Matt: That’s one thing I always thought about the west, is that you west coast guys always manage to bring different flavour and styles and always stay current.
Big Hutch: I always tell people once we started formulating hip hop, we all got in trouble. (both laugh)
Matt: Another new cat from the west coast is Crooked I of course. In your opinion, can you compare a newcomer like him, to OG’s of the past? Because for guys like him that are coming from a hip hop Mecca in LA, there are a lot of big shoes to fill.
Big Hutch: Yeah, well one thing I always tell people about Crooked I is that he’s a hard worker and understands his history. Anytime you look at the game like that, you don’t really have to fill in anybody’s shoes. You can’t fill our shoes because we’ve already walked that path and the ground has already been laid. You can only be great by being you; you can’t be great by being me. If you focus and understand what has gone on, it’s easier for you to be a great you. He already has that, he just has to put the time in. Everything takes time. When I worked with Crooked I, he wasn’t about the bullshit, he was all about the work part of it. When you see young guys like that, you know they can go really far. A lot of us came from an era where it’s all work and it’s partying even harder. If your focus is all party and no work, you’re gonna be in trouble. He is one of those next guys that can really break trails out here, because of his work ethic.
Matt: I was talking to some of my fellow hip hop heads recently and most of them said that Crooked I came out the hardest amongst all four Slaughterhouse members on their last album, out beating Royce Da 5’9, Joell Ortiz and Joe Budden. Crooked’s latest album, Hood Star is set to drop on June 15 and you’re seen as one of his greatest mentors, and you also appear on a track with him, can you tell me some more about the album?
Big Hutch: I mean, like I said, I worked and help develop him to what he is. I had him at the embryo stage, so if you think he’s hot now, you would have to check out this new record. It’s like saying you like the new Chevy, but it’s nothing like going back and checking out the old, fully restored Chevy. You have a better respect for him if you check out Hood Star. His work ethic has always been the same. It’s no surprise to me, because I was there from the beginning, but I think people are gonna dig him based upon the respect level they have for him today.

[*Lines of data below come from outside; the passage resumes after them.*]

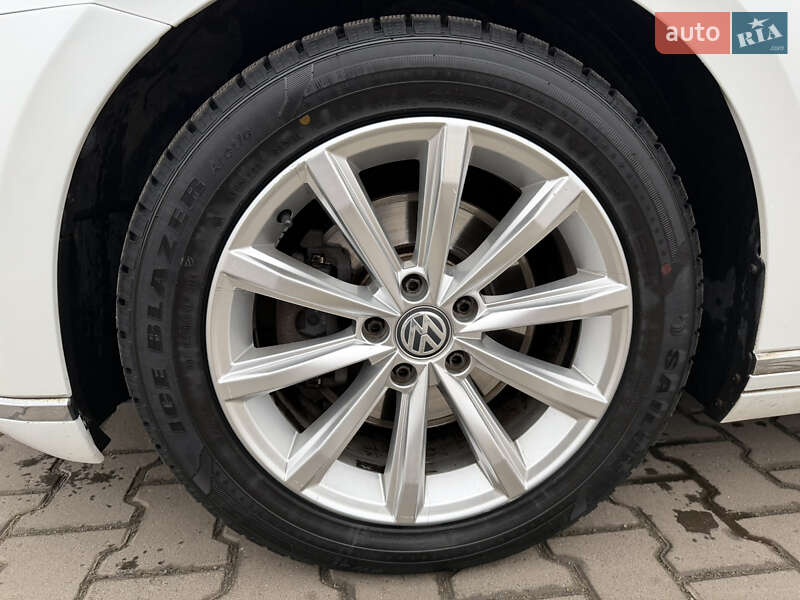 Універсал Volkswagen Passat 2016 в Хмельницькому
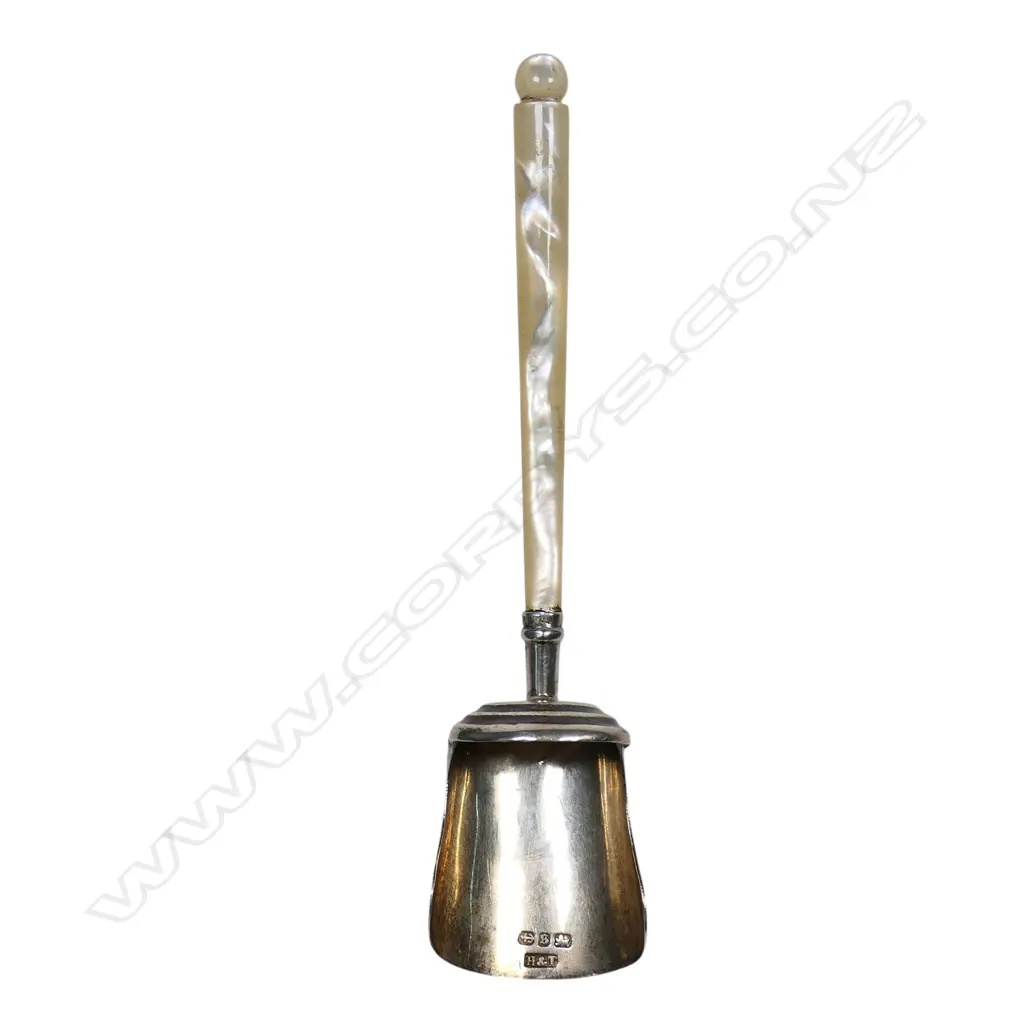 A late Victorian silver and mother of pearl shovel caddy spoon, Image 1++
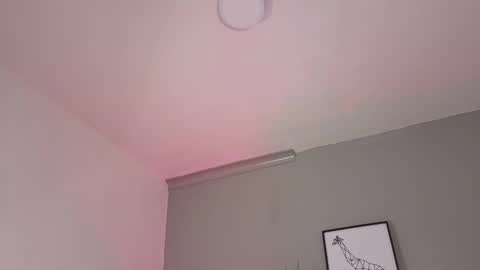   online show from 28, 10, 2025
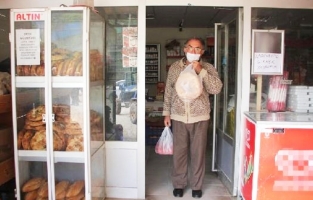 Köy bakkalından 'ücretsiz ekmek' kampanyası
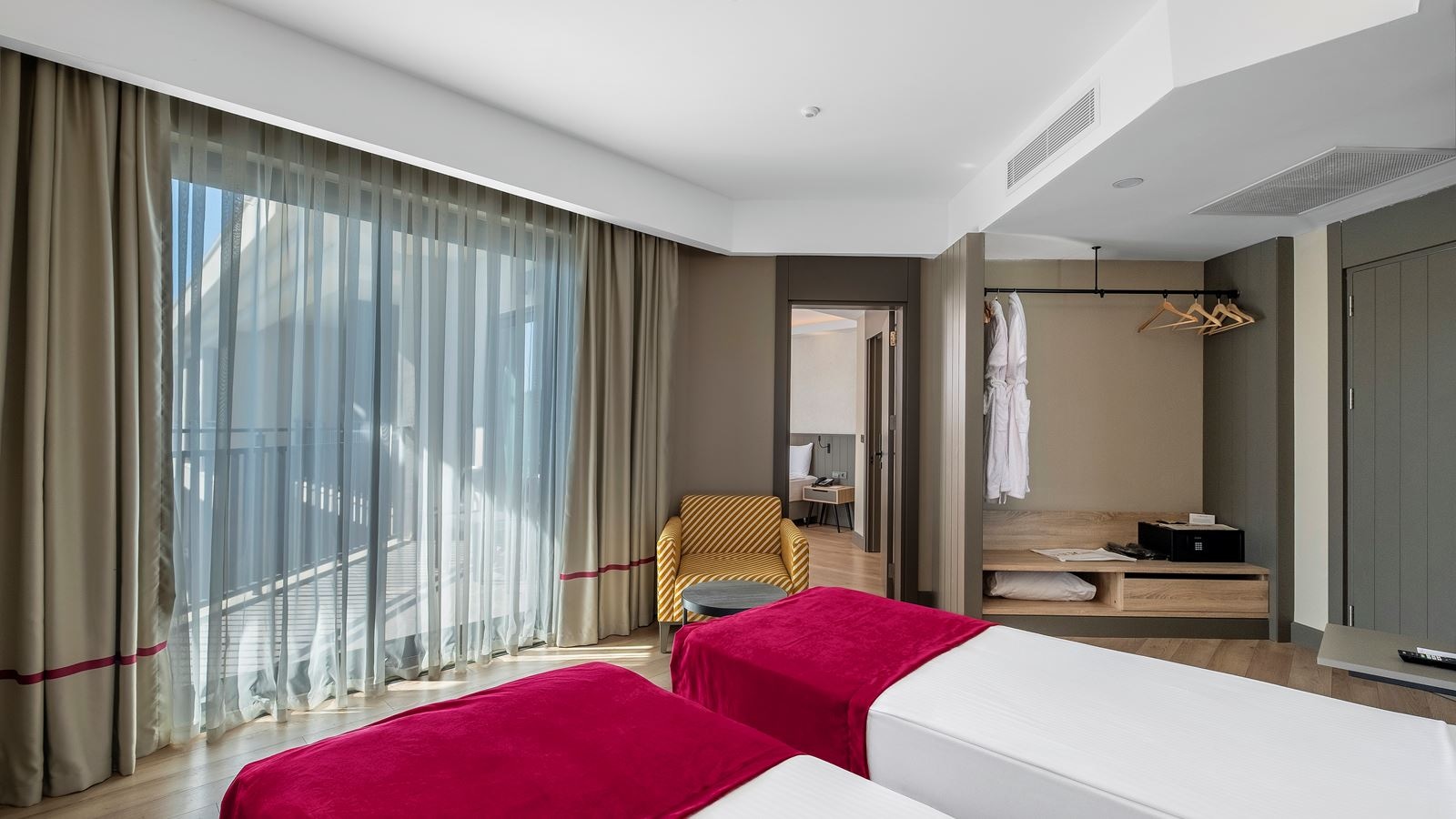 rooms-family-room-with-connection-door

Matt: As I mentioned before, I read that you were one of Crooked’s mentors, how so?
Big Hutch: I was hired at Death Row and looked over all the music affairs. He was already signed to Daz and Big C-Style and we went out and signed him direct. I knew about him I knew what he was doing (laughs) I immediately got him in the studio. What a lot of people don’t realize about Crooked I is that you hear that saying ‘dope before your time,’ that’s him. He was really mature for the stage he was at, they really needed somebody like him to come in and make sense on a record, because when you’re a young emcee, you’re all over the place.
Matt: You mentioned yourself working with Crooked I during his ‘embryo’ stages, do you know in the early stages if a guy is gonna be good, even in the early stages?
Big Hutch: Yeah you can tell with how much hunger he has. From a producer’s perspective, it’s the passion that the artist has. For instance when I met Eve and I was with the company over at Aftermath, developing Eve, I knew through her passion and work ethic, she was good. When I met Crooked, I knew that one day, he’d do it. When you meet someone with the passion and the vision, you know.
Matt: I’ve heard only a couple songs off the album so far, which have leaked but can we expect some more G-funk beats on Hood Star similar to the ones you used on your records, like I was listening to your most recent release, “Fresh Out the Pen” last night.
Big Hutch: I appreciate that man. (laughs) you know it’s full of that, it’s a healthy chemistry that I did, that helped me compromise for the artist. If you look at the things I’ve done as a producer, look at Black Mafia Life or Uncle Sam’s Curse, it’s a healthy combination of fruits and vegetables in there. I think you’ll get a good sense of where we were at while with Death Row.
Matt: Are there any notable songs which you worked on specifically that we should look out for?
Big Hutch: Yeah I’m with him on the track, “Fuck ‘Em.” “House Party” I like a lot because I have to give props to my man Ray J because when I was over at Death Row developing things, particularly the Crooked I project and helping out on some of the Lisa Left Eye stuff, and a lot of the stuff I was tracking, Ray J would come over and lace some hooks for us and he likes “House Party” which I guess is Crooked, Eastwood and him. And it’s like with Ray J, ‘oh that’s Ray J, that’s Brandy’s brother.’ He could have been Akon, ten years ago because of the writer he is, in terms of lacing people with hooks. He laced me with so much shit at Death Row and I gotta share some of that with you because that was some hot shit. But yeah, that’s one song you all should check out. “House Party,” now that’s a summer track.
Matt: Just “4 The Funk Of It,” [song pun intended], what can we expect from KMG, DJ Total K-Oss and yourself in the near future?
Big Hutch: (laughs) Actually what most people don’t know and this is some exclusive, exclusive shit but we just put the finishing touches on “Victims of Global Politics” which is the new Above The Law album coming out. That’s official, like a gangsta with a pistol, a referee with a whistle you know what I’m saying, game 7 at the Staples Center. It’s official. (laughs) The new Above The Law is called “Victims of Global Politics.” It’s filled with everything you’ve ever heard from G-Funk to classical hip hop, to futuristic, bionic, psychotic (both laugh) you know, really gangsta shit.
Matt: You getting Don King on me now Hutch?
Big Hutch: Yeah, yeah I’ getting Don King on you baby (laughs)
Matt: When is the next time Above The Law is gonna go on a world tour?
Big Hutch: Oh soon! Like I said we’re just put the finishing touches on the album then we’re gonna try to do the world tour. Last time we went on tour was with N.W.A. We were babies then, so we’ll definitely come out and bless you all.
Matt: Hutch, on behalf of Fazer Magazine, it was a pleasure to speak with you, thanks so much for your time.
Big Hutch: It’s all good man, we’re gonna keep blessin’ you all, God bless. Peace.